## What to produce
Could you output the whole listing exactly as it stands, minus any images?

## Data block
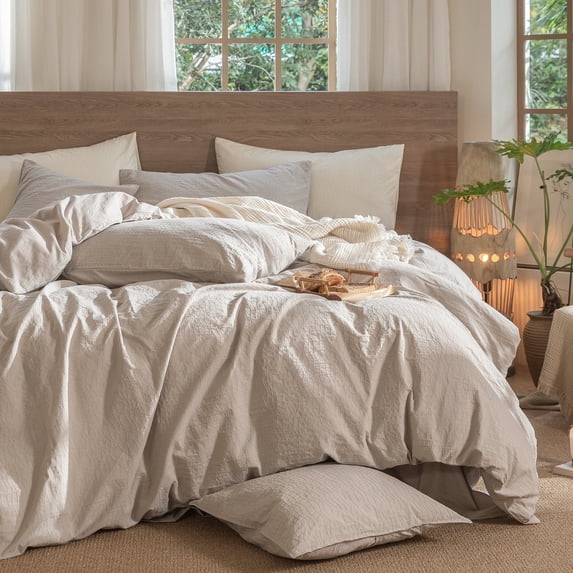 MooMee Wavy Striped Duvet Cover Set Queen 100% Washed Cotton Linen Like Textured Breathable 3-Piece (Beige, 90"x90")
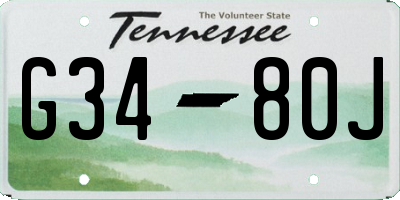 TN license plate G3480J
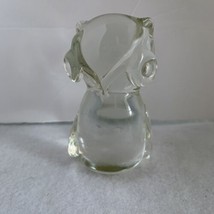 Vintage Owl Paperweight Glass Large Eyes Art Figurine MCM Bird 4.5&quot; Mid ... - $15.60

## Your response
 MooMee Wavy Striped Duvet Cover Set Queen 100% Washed Cotton Linen Like Textured Breathable 3-Piece (Beige, 90"x90")
 TN license plate G3480J
 Vintage Owl Paperweight Glass Large Eyes Art Figurine MCM Bird 4.5&quot; Mid ... - $15.60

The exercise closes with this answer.